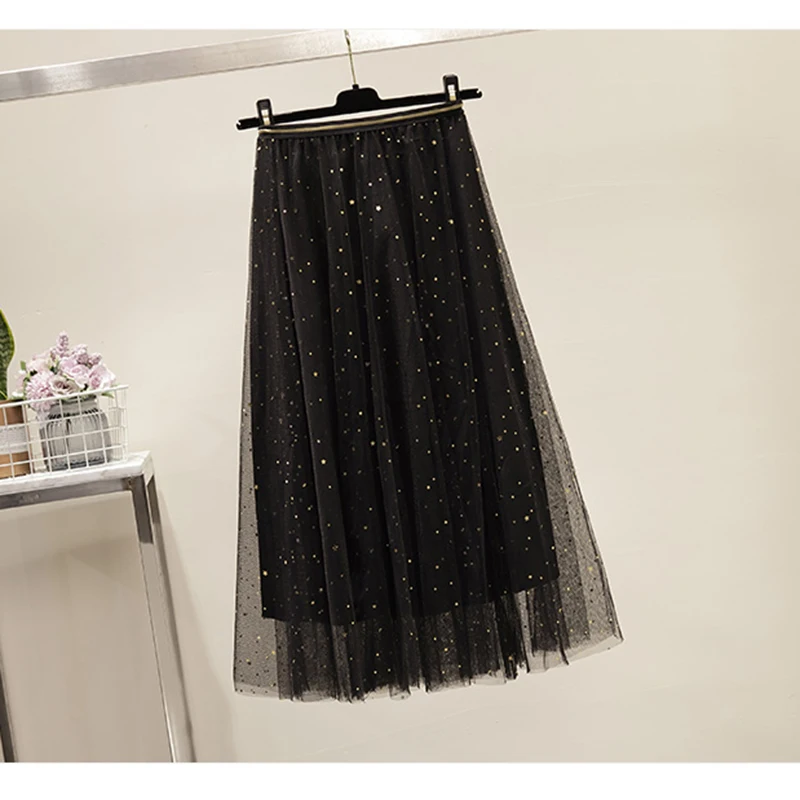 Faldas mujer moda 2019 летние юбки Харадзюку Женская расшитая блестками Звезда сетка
...
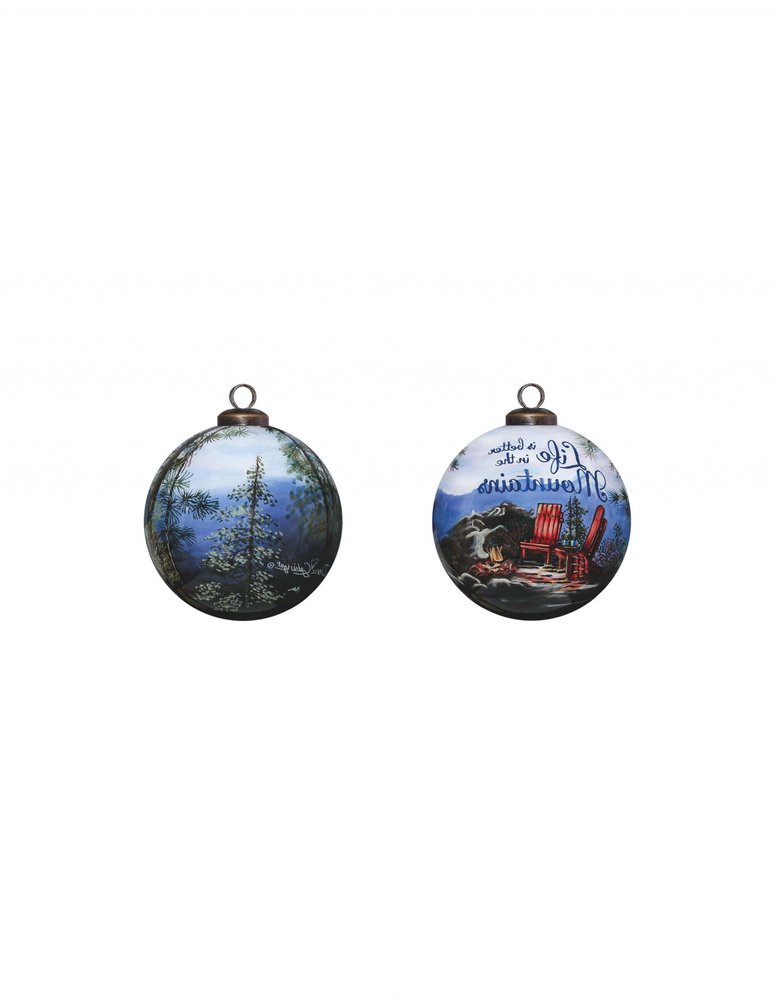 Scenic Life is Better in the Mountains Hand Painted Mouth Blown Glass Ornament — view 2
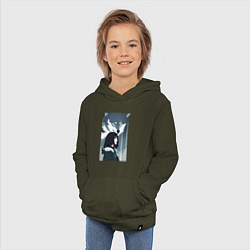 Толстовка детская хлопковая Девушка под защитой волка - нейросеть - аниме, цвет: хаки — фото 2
--
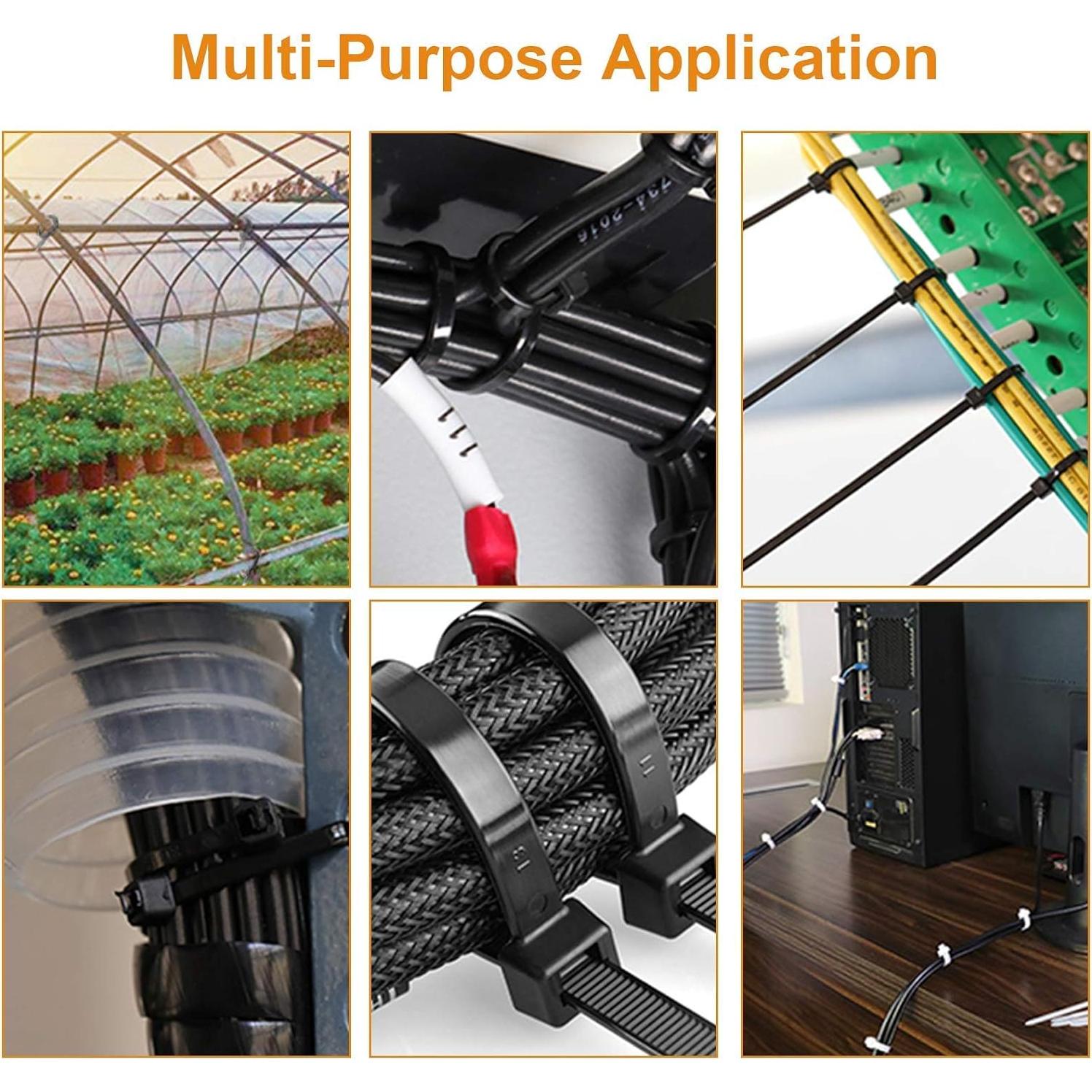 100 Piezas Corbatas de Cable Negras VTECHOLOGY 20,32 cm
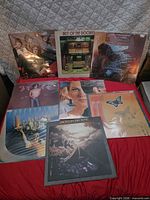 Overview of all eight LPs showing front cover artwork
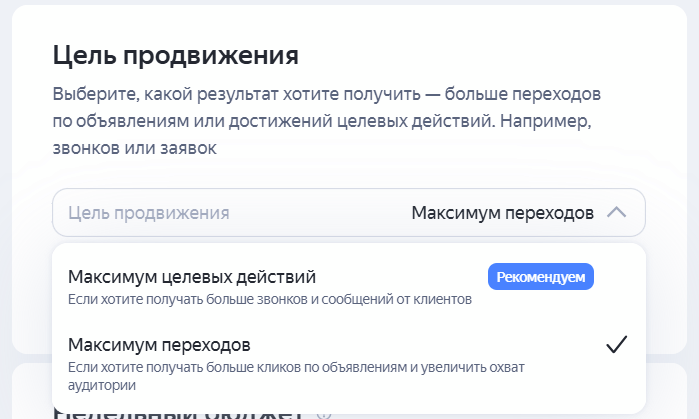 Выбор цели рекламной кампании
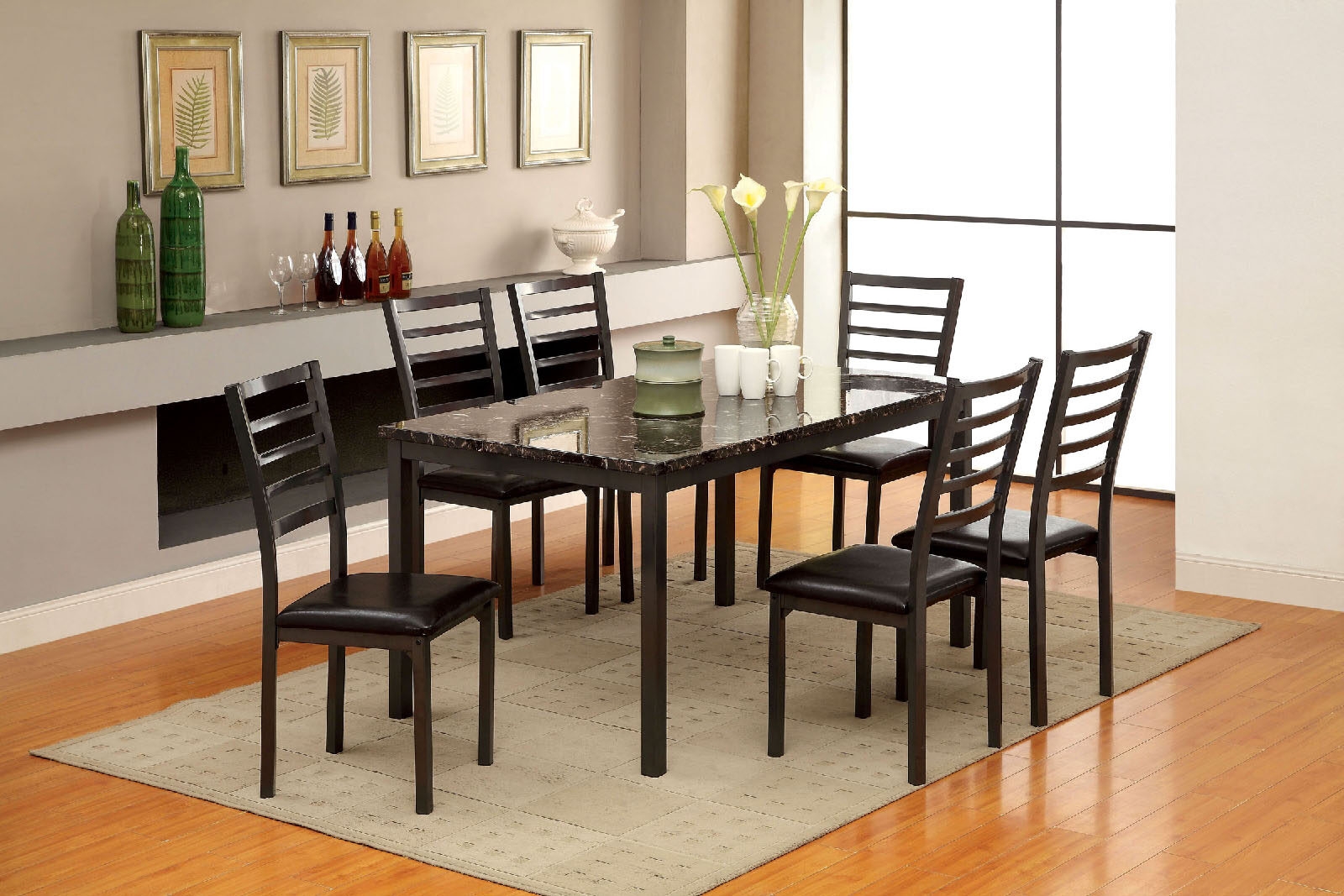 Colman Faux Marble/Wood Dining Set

• **WHAT YOU ARE ASKED TO DO**: Among the entries above, find the line with "Scenic Life is" and repeat exactly from there through the line with "Толстовка детская хлопковая", leaving out the pictures.

• **EXERCISE RESULT**:
 Scenic Life is Better in the Mountains Hand Painted Mouth Blown Glass Ornament — view 2
 Толстовка детская хлопковая Девушка под защитой волка - нейросеть - аниме, цвет: хаки — фото 2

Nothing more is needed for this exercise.